Zero external dependencies. Pure Python 3.9+.
The Problem
English has Flesch-Kincaid, Gunning Fog, and ARI — readability formulas used in MS Word since 1992. Hindi has nothing.
India has 24.8 crore school students, 886 million internet users consuming Hindi content, and 14.7 lakh schools — all producing and consuming Hindi text with no way to automatically measure whether it is easy or hard to read.
This package fills that gap with three original formulas designed specifically for Devanagari script.
Installation
pip install hindi-readability
Quick Start
from hindi_readability import ReadabilityScorer
rs = ReadabilityScorer()
# Simple sentence
result = rs.score("यह एक सरल वाक्य है।")
print(result["hrs"]) # Hindi Readability Score (0-100)
print(result["label"]) # "Easy"
print(result["grade_label"]) # "Class 3–5"
print(result["cbse_level"]) # "Prathmik Uttara"
# Constitutional text — hard
result = rs.score("संविधान की प्रस्तावना में भारत को एक संप्रभु, समाजवादी, धर्मनिरपेक्ष, लोकतांत्रिक गणराज्य घोषित किया गया है।")
print(result["hrs"]) # 0.0
print(result["label"]) # "Expert"
print(result["grade_label"])# "College+"
# Compare multiple texts — sorted easiest first
texts = [
"बच्चे खेलते हैं।",
"भारत की शिक्षा नीति बदल रही है।",
"संवैधानिक प्रावधानों के अनुसार नागरिकों के मूल अधिकार सुरक्षित हैं।",
]
ranked = rs.compare(texts)
for r in ranked:
print(f"{r['hrs']:5.1f} {r['label']:12} {r['text'][:40]}")
# Get simplification suggestions
suggestions = rs.simplify_suggestions("संवैधानिक प्रावधानों के अनुसार...")
for s in suggestions:
print(s)
# Check if appropriate for a school grade
rs.is_appropriate_for_grade("यह सरल पाठ है।", grade=5) # True/False
The Three Formulas
1. Hindi Readability Score (HRS)
An ease score from 0 to 100 — higher means easier.

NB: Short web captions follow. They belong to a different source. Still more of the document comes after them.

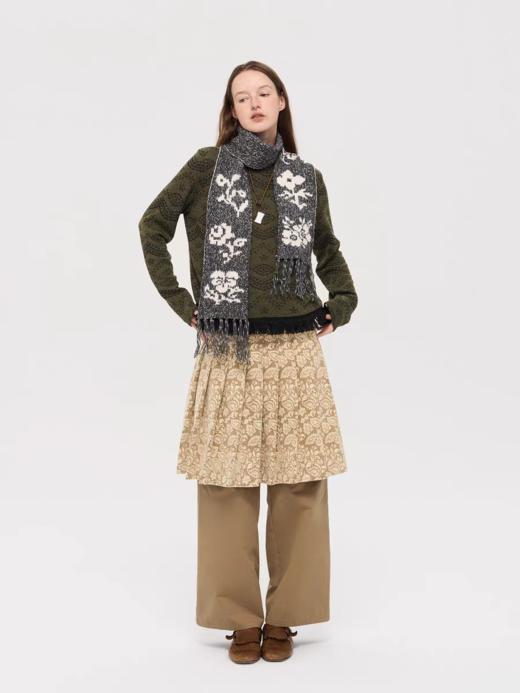 local tag/lt25awk60/锡器花园 黑白间色杂点混纱提花含羊毛流苏围巾 商品图1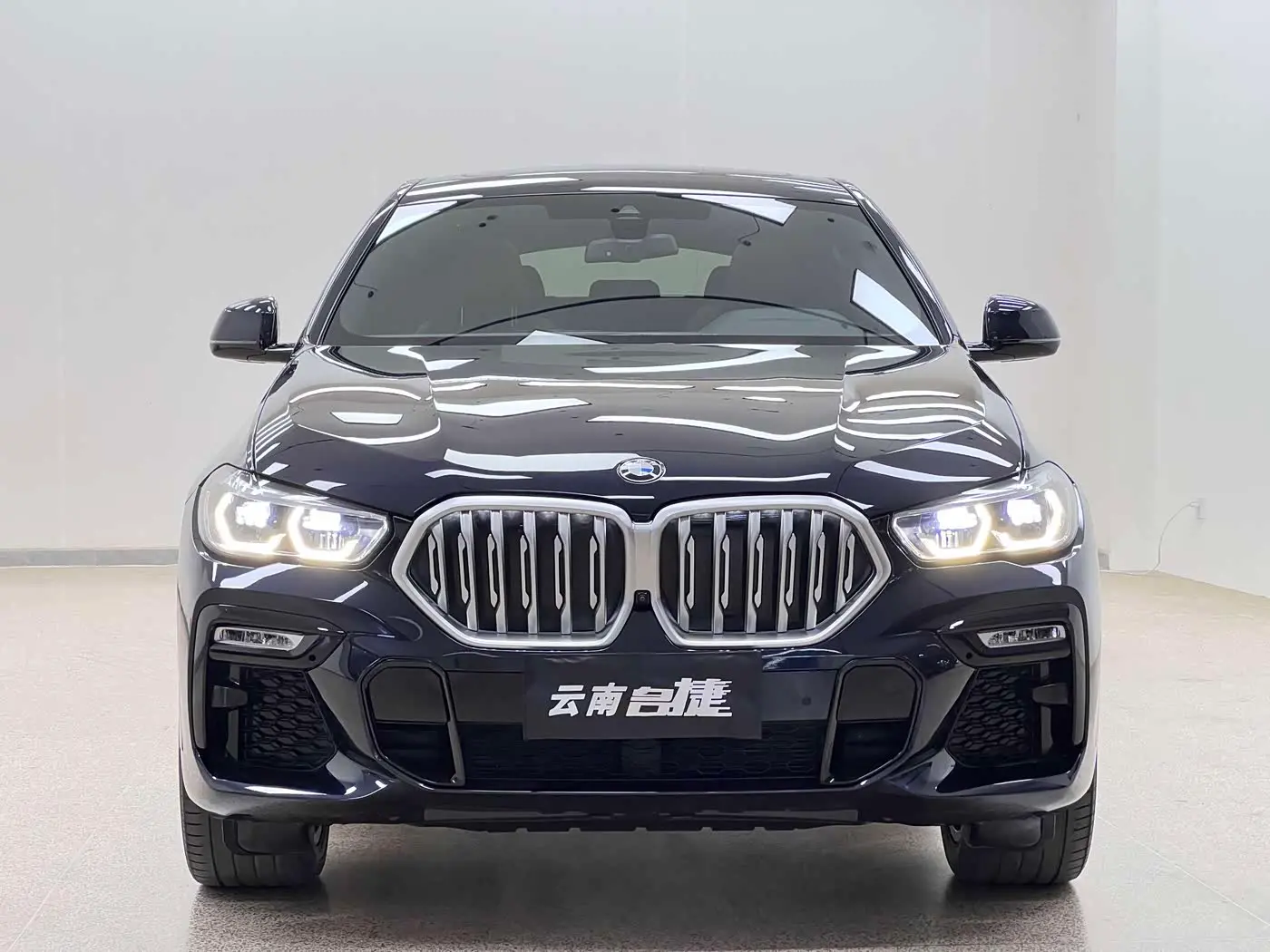 BMW X6 2021 — Photo 2/20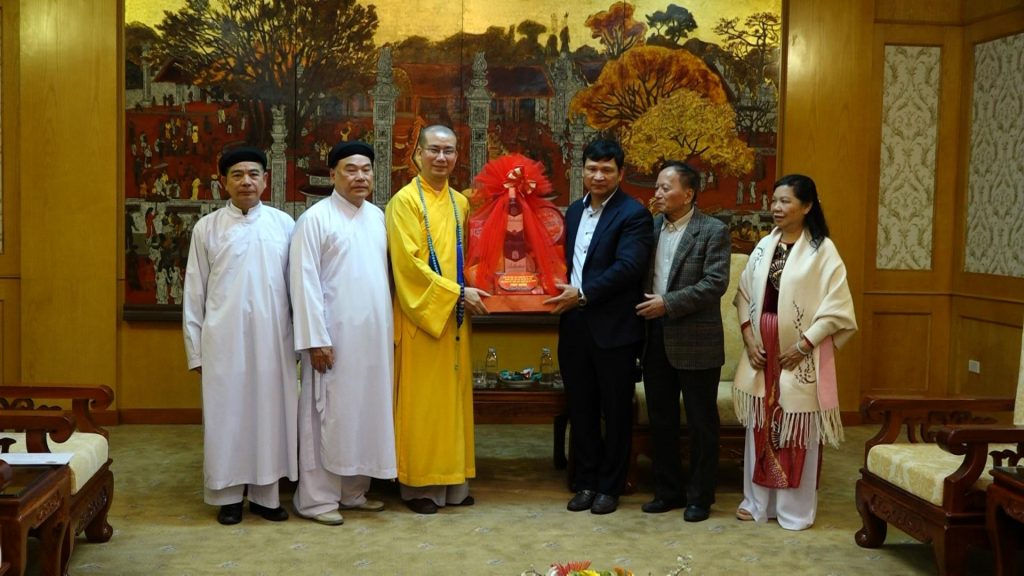 [Video] Hà Nội: Phật giáo quận Hai Bà Trưng chúc Tết lãnh đạo quận và TP.Hà Nội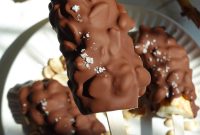 Snickers-Stuffed Frozen Banana Pops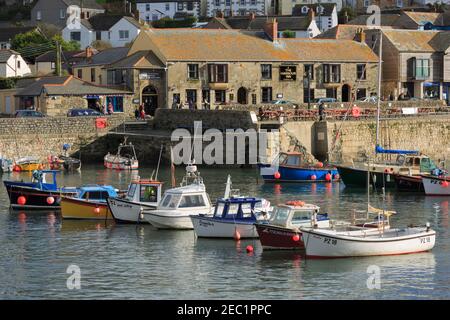 Il porto interno a Porthleven, Cornwall. Costruito nel 1858 per proteggere la pesca barche durante le tempeste. Foto Stock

Inspired by Flesch Reading Ease but redesigned for Devanagari.
| Score | Label | Suitable for |
|---|---|---|
| 90–100 | Very easy | Class 1–2 |
| 70–89 | Easy | Class 3–5 |
| 50–69 | Standard | Class 6–8 |
| 30–49 | Difficult | Class 9–10 |
| 10–29 | Very hard | Class 11–12 |
| 0–9 | Expert | College+ |
Formula:
HRS = 206.0
- (60.0 × avg_syllables_per_word)
- (1.8 × avg_words_per_sentence)
- (70.0 × conjunct_density)
- (8.0 × matra_complexity)
2. Hindi Grade Level (HGL)
Maps HRS to Indian school grades (CBSE Class 1 to College+).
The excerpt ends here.